Exercise: The copy you print must match the listing exactly, with its pictures removed.

Given information:
Segment Open

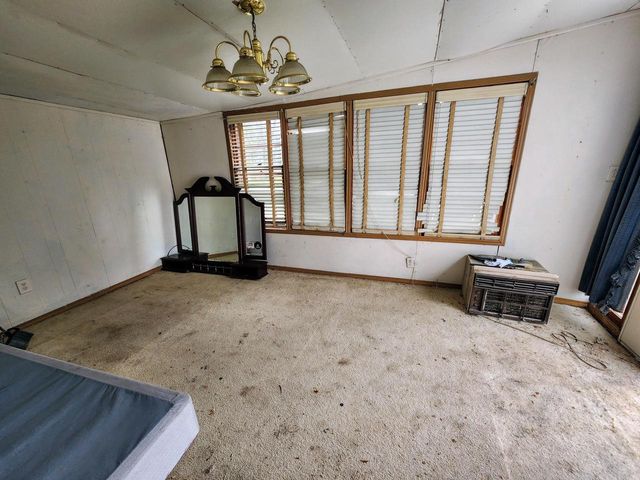 23218 County Highway ET, Tomah, WI 54660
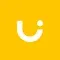 UIZARD AI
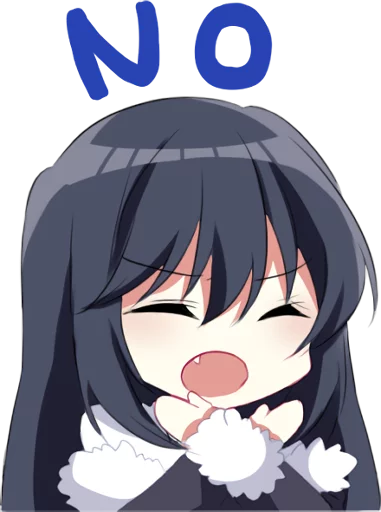 텔레그램 스티커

Segment Closed

Answer section:
 23218 County Highway ET, Tomah, WI 54660
 UIZARD AI
 텔레그램 스티커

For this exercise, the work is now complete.